By YiLi Chien, Senior Economist, and Paul Morris, Research Associate
Studies have shown that investors’ expectations of future stock market returns are positively correlated with previous stock market performance, but do not match up well with actual future returns.1 Namely, investors tend to be more optimistic than they should be after observing good returns.
Studies have also suggested that even professional investors, such as institutional investors, follow the same pattern.2 In this blog post, we’ll take a closer look at whether institutional investors chase returns.
Expectations and experience play important roles in investor behavior in the stock market. Investors increase their stock holdings if their expectations of future returns rise, and they cut down if their expectations lower. Therefore, a positive correlation between past returns and return expectations leads to returns-chasing behavior, which is characterized by buying after a high return and selling after a low return.
However, a high return implies a relatively high price.

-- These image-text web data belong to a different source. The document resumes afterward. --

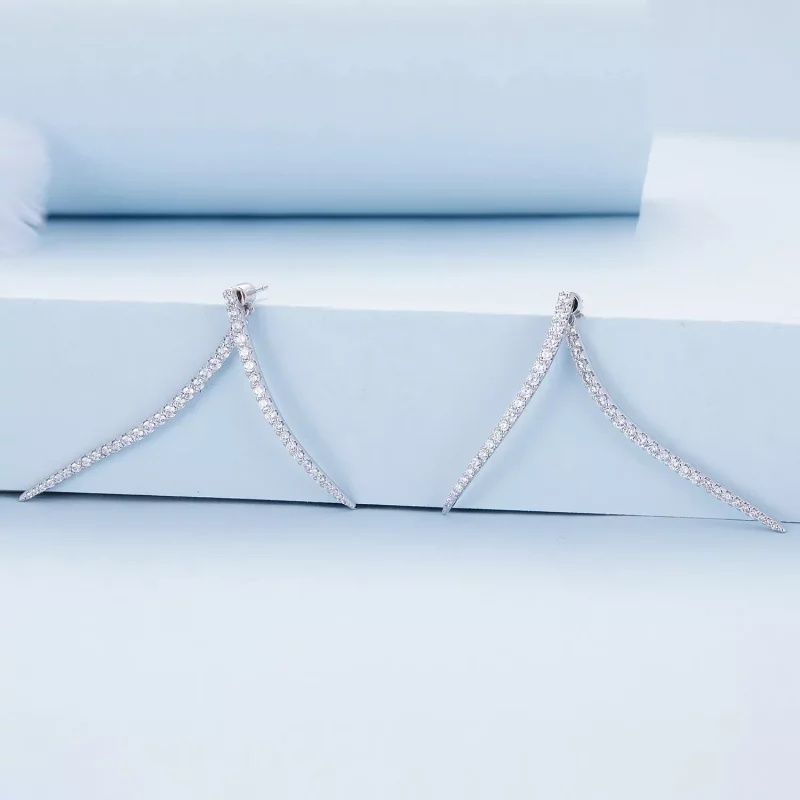 (imagen para) Aretes largos con borla inteligente estilo Pandora - YIE227 - Ver 2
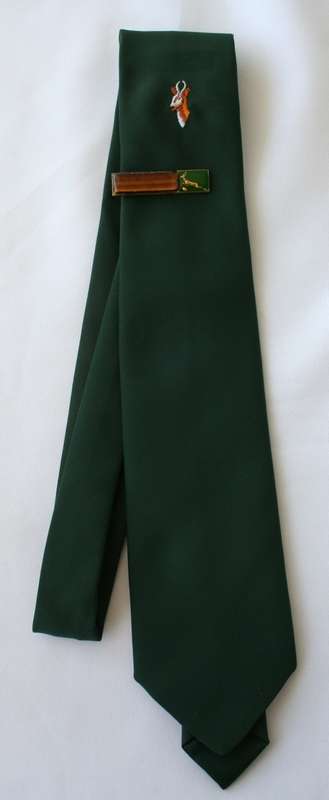 VINTAGE RUGBY SPRINGBOK TIE WITH TIE CLIP -- OFFICIAL TIE / NECKWEAR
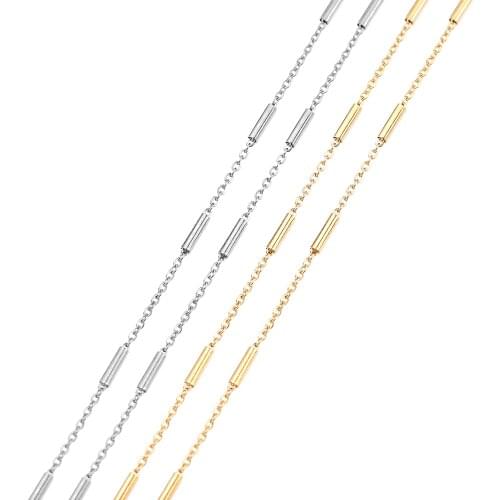 2 Meters 316L Stainless Steel Cross Chain Gold Tone Clip Beads Tube Bulk Chain Fit DIY Necklace Jewelry Making Findings Crafts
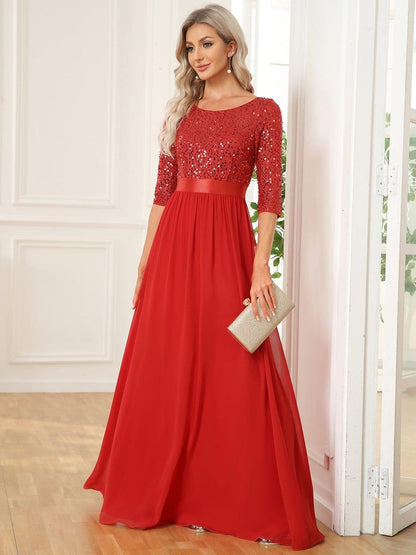 ever FLORENCE|Sequin Round Neckline Dress with Chiffon
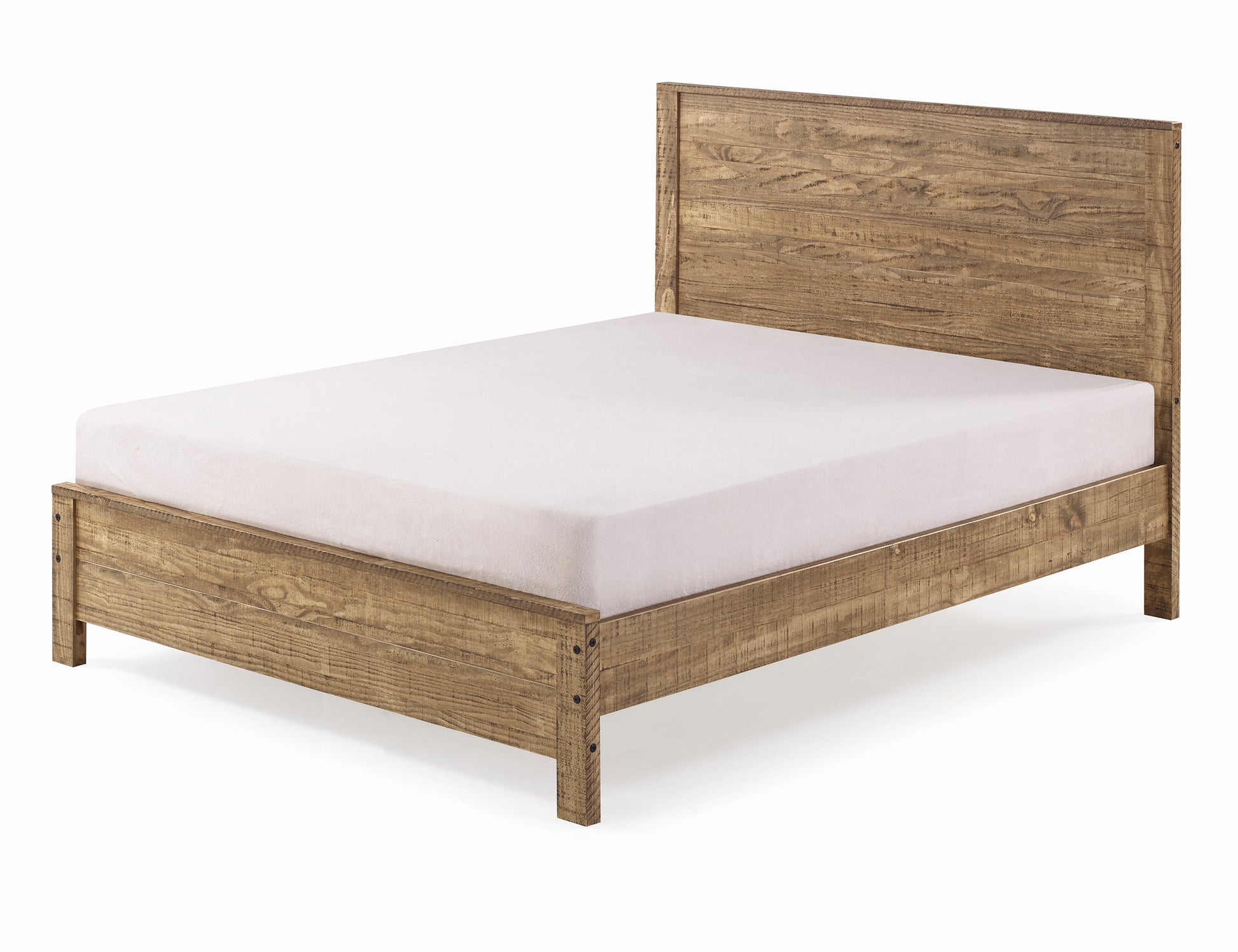 Albany Solid Wood Full Bed Frame With Headboard, Heavy Duty Modern Rustic Full Size Bed Frames, Box Spring Needed Walnut Solid Wood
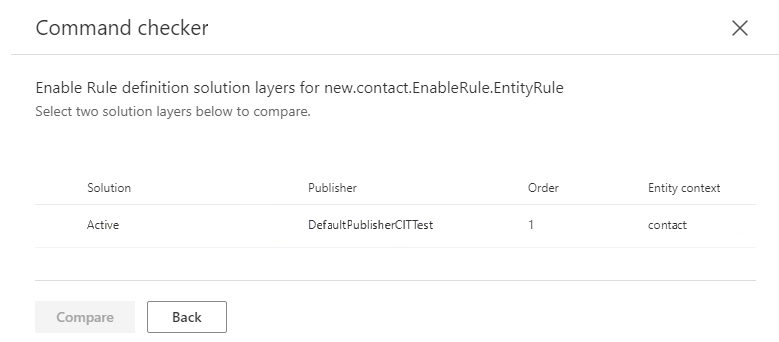 Screenshot shows an example of the solution layers for the enable rule.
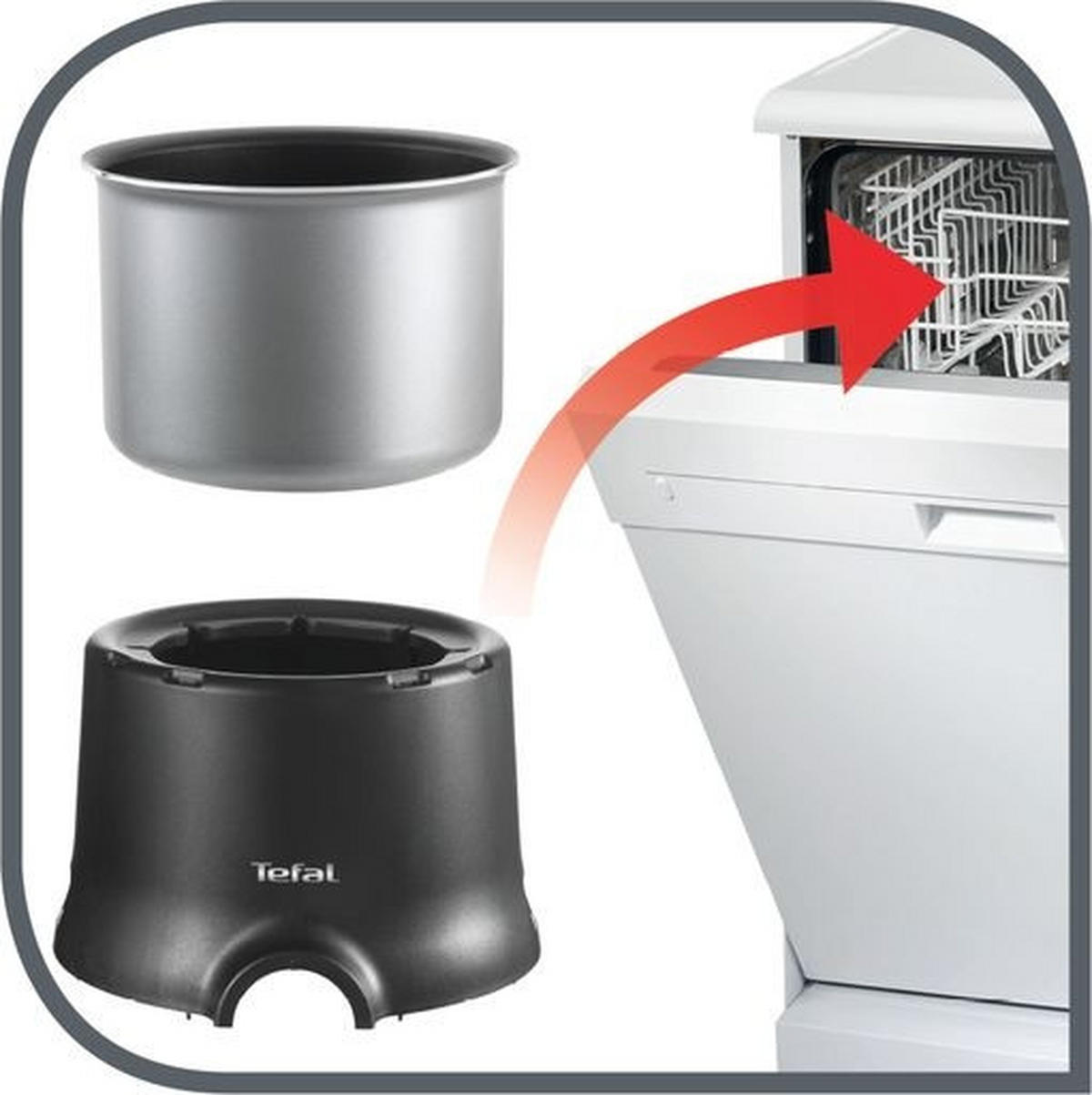 FONDUESET  - svart, Design, metall/plast (23,5/20,3/24,9cm) - Tefal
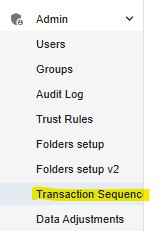 Law App sidebar with the Admin menu expanded and Transaction Sequences highlighted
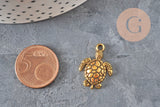 Breloque tortue zamac doré 23mm, x5 (G11229)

Thus, returns-chasing investors are likely to buy high and sell low, which could reduce their overall return over time.
We examined if institutional investors are immune to returns-chasing behavior. We used domestic mutual fund data from the Investment Company Institute from the first quarter of 2000 through the second quarter of 2016.3 The figure below plots the correlation coefficient between equity flows and returns for the equity mutual funds held by institutional investors.4
The correlations between current equity flows and past returns were positive but quite modest. For the previous and current quarter, the correlations were 0.27 and 0.22, respectively. The positive correlations suggest that equity mutual fund investors tend to buy when recent returns are high, but the relationship is not strong.
The correlations between today’s equity flows and future returns were close to zero. This indicates that the buy or sell decisions made by the institutional investors have no predictive power on future returns.
In sum, we find modest returns-chasing behavior among the institutional investors. Even though their buy and sell decisions have close to zero correlation with future returns, their returns-chasing behavior is still likely to reduce their overall returns because they are more likely to buy high and sell low.
1 See, for example, Greenwood, Robin; and Shleifer, Andrei. “Expectations of Returns and Expected Returns.” Review of Financial Studies, March 2014, Vol. 27, Issue 3, pp. 714-46.
2 Greenwood and Shleifer (2014) suggest this as well.
3 The mutual fund data are well-suited for analyzing returns-chasing behavior because they include data for quarterly net cash flows to mutual funds as well as the net value of mutual funds. The net cash flow data indicate the additional funds added or withdrawn. Hence, we can simply compute the correlation between net cash flow and the past and future returns of mutual funds. In addition, the mutual funds are classified by method of sale. In general, there are two main categories: retail sales and institutional sales. The latter refers to those sales made primarily to institutional investors and institutional accounts. Hence, we can reasonably assume the investor behaviors observed in institutional sales are done mostly by the institutional investors.
4 The correlation coefficient indicates a stronger positive correlation the closer it is to 1 and a stronger negative correlation the closer it is to –1.